Ainda não entendemos que Cristo não é salvador pessoal de ninguém; ele é o Salvador do Corpo que é a Igreja: “... assim como Cristo, salvador do Corpo é a cabeça da Igreja” (Ef 5,23).
Na Igreja de Jesus Cristo não existem pessoas mais ou menos importantes; não existe trabalho mais ou menos nobre, desde que esse trabalho seja feito com amor e dedicação. Todos somos um enorme corpo, o Corpo Místico de Cristo, do qual ele é a Cabeça. Se cada um parar de funcionar, todos sentirão os efeitos.
Paulo fala: “De fato, o corpo é um só, mas tem muitos membros, sendo muitos, são um só corpo, assim é Cristo também. Pois todos nós formamos um só corpo... se a orelha disser: porque  não sou olho não sou do corpo... se todo corpo  fosse olho, onde estaria o ouvido?... se todos fossem um só membro, onde estaria o corpo?... e o olho não pode dizer à mão: não tenho necessidade de ti... de maneira que se um membro padece, todos os membros padecem com ele e se um membro é honrado, todos os membros se regozijam  com ele.... ora  vós sois o  corpo de Cristo e seus membros em particular” (1Cor 12,12 a 31).

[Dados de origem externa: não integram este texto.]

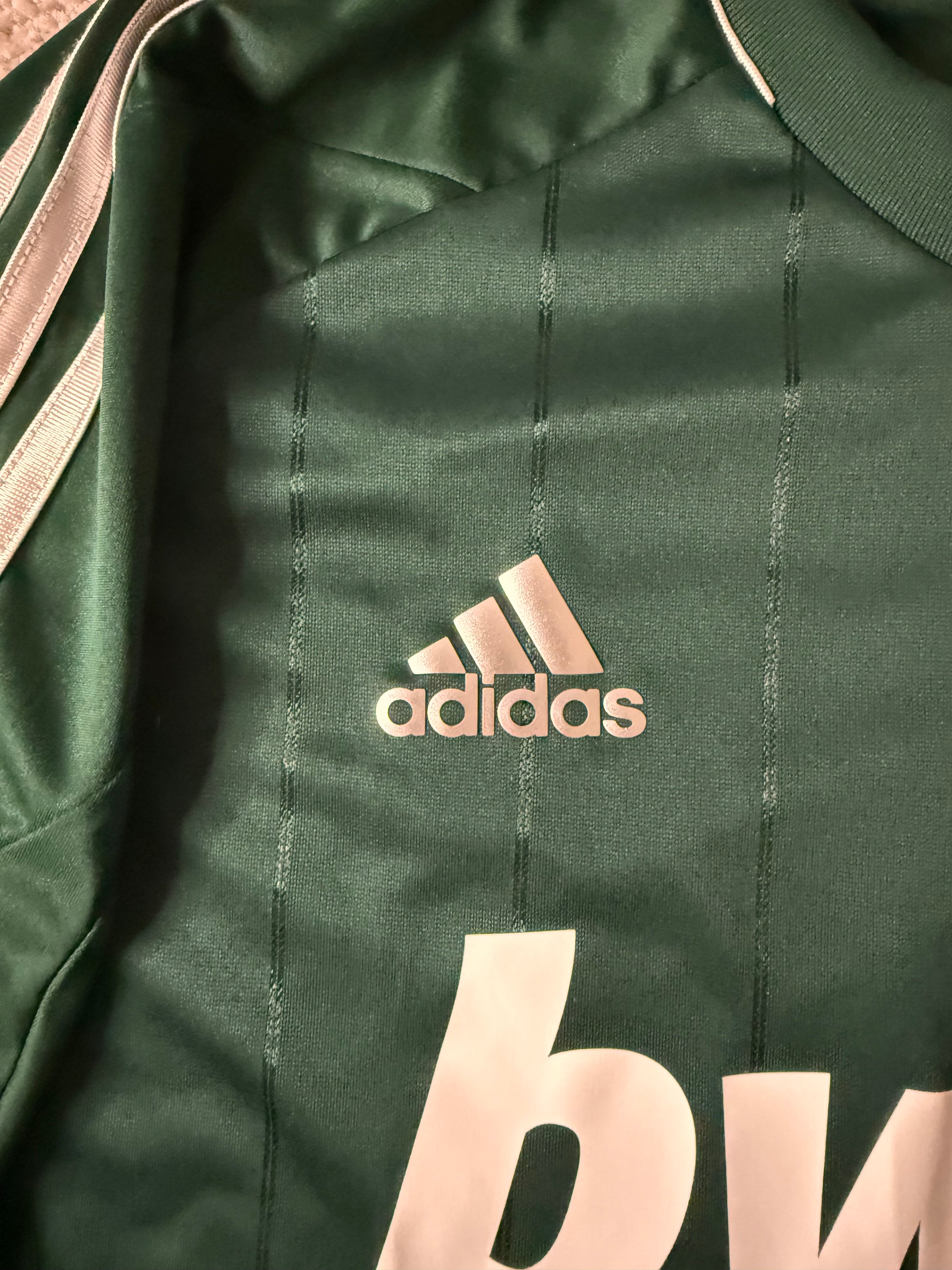 2012/13 REAL MADRID THIRD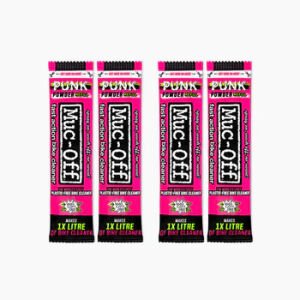 Muc-Off Bottle For Life Bundle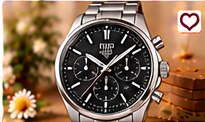 TAG Heuer Carrera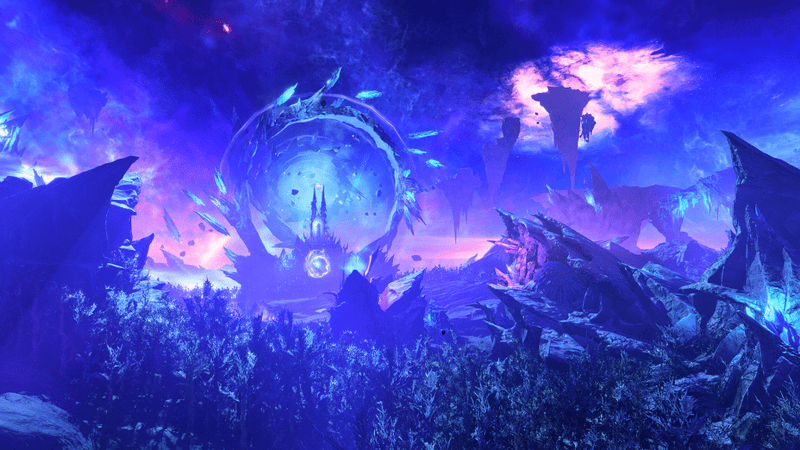 Total War: Warhammer 3 - Limited Edition  (PC) 5055277042708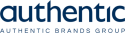 Authentic Brands Group logo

Ora, se somos um só corpo como Igreja de Cristo, sendo o próprio Cristo a Cabeça deste Corpo, não podemos caminhar separados, mas juntos. Jesus em sua oração sacerdotal, que nunca é demais repetir, disse: “Eu não te peço só por estes, mas também por aqueles que vão acreditar em mim por causa da palavra deles, para que todos sejam um, como tu, Pai, está em mim e eu em ti. E para que também eles estejam em nós, a fim de que o mundo acredite que tu nos enviastes. Eu mesmo dei a eles a glória que tu me deste, para que eles sejam um, como nós somos um.  Eu neles e tu em mim, para que sejam perfeitos na unidade, e para que o mundo reconheça  que tu me enviaste e que os amaste, como amaste a mim. Pai, aqueles que tu me deste, eu quero que eles estejam comigo onde eu estiver, para que eles contemplem a minha glória que tu me deste, pois me amaste antes da criação do mundo”. (Jo 17,21-24).